“Woe to you, teachers of the law and Pharisees, you hypocrites! You build tombs for the prophets and decorate the graves of the righteous. And you say, ‘If we had lived in the days of our ancestors, we would not have taken part with them in shedding the blood of the prophets.’ So you testify against yourselves that you are the descendants of those who murdered the prophets. Go ahead, then, and complete what your ancestors started!” (Matthew 23: 29-31)
Today is Dr. Martin Luther King Day in the United States. After the events of recent years our annual federal holiday should carry new meaning. How should we honor Dr. Martin Luther King? Everyone reveres the prophet after he’s dead, but will we allow his message to reach us, again, today?

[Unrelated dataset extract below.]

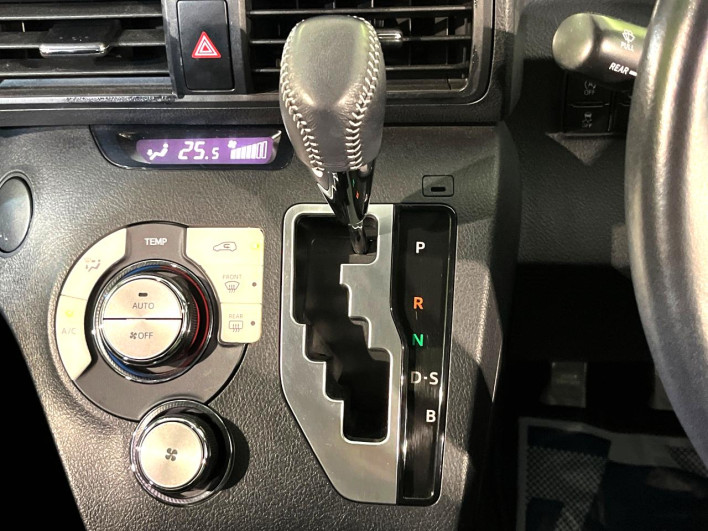 2015 Toyota Sienta DBA-NSP170G (UW-6a0fc961b65f8)[16]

In predictable Biblical tradition we honor Dr. Martin Luther King after he’s gone, and in short order have reduced the honor to an innocuous three-day weekend for federal employees. But the events of 2020 have revealed how short our memories are. Whoever the prophet might be, in his day the prophet is rejected, ridiculed, scorned, misunderstood, misquoted, vilified, and in some cases shot in the head.

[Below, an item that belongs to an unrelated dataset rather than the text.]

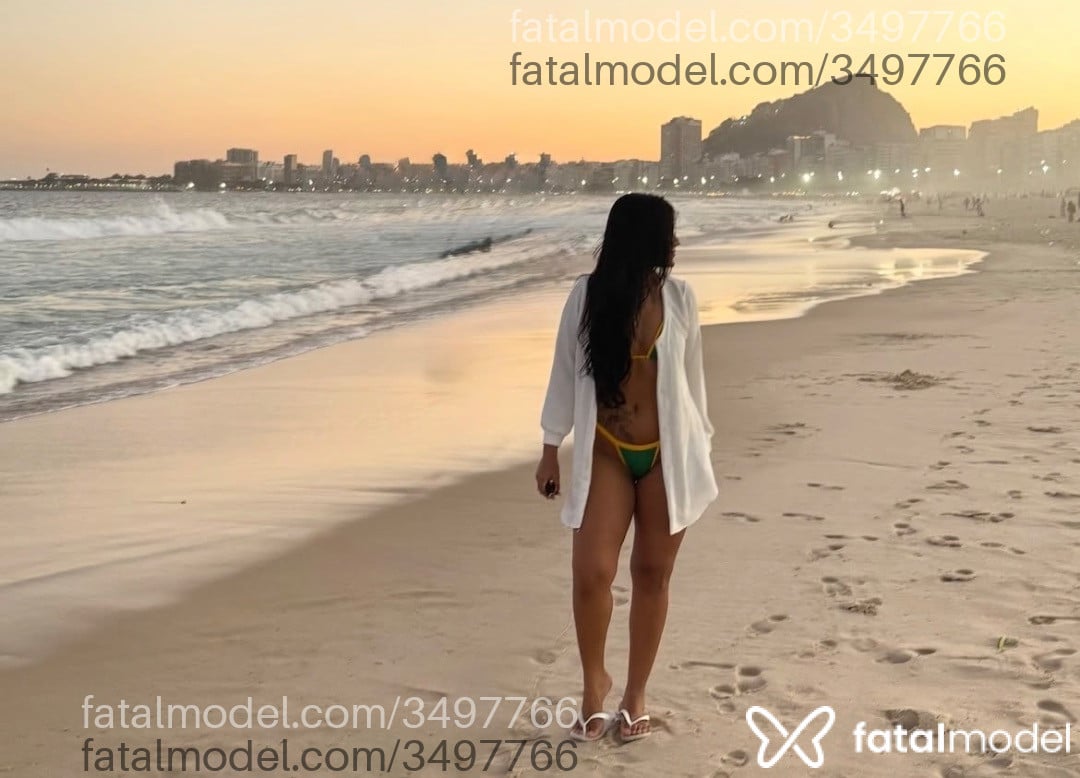 Acompanhante mulher com cabelo castanho de olhos castanhos - Louise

Jesus understood this dynamic well:
Sweet and gentle Jesus railed against the powerful religious tendency to ignore the word of God when it is living and active, while building cold stone monuments to the word after the voice is silent.
Even when the words of Dr. King are Googled and repeated in civic ceremonies, we listen to them with selective hearing and digest the sound bites like hors d’oeuvres at the reception afterward. But the words of the prophets were never meant to go down easy–even for those who agree with them.
Nearly every schoolchild can tell you Martin Luther King “had a dream,” but perhaps only one in ten can articulate that dream. For example, when Dr. King declared on the steps of the Lincoln Memorial, “I have a dream that my four little children will one day live in a nation where they will not be judged by the color of their skin, but by the content of their character,” we rally to the idea that no one should be judged by the color of their skin, but we gloss over the part of the dream where we are all judged by the content of our character.
The Reverend King’s example causes us to consider: will I hear the entirety of God’s word, or only that portion that goes down easy? When we hear all the prophet says, the day will come when we can “hew out of the mountain of despair a stone of hope.”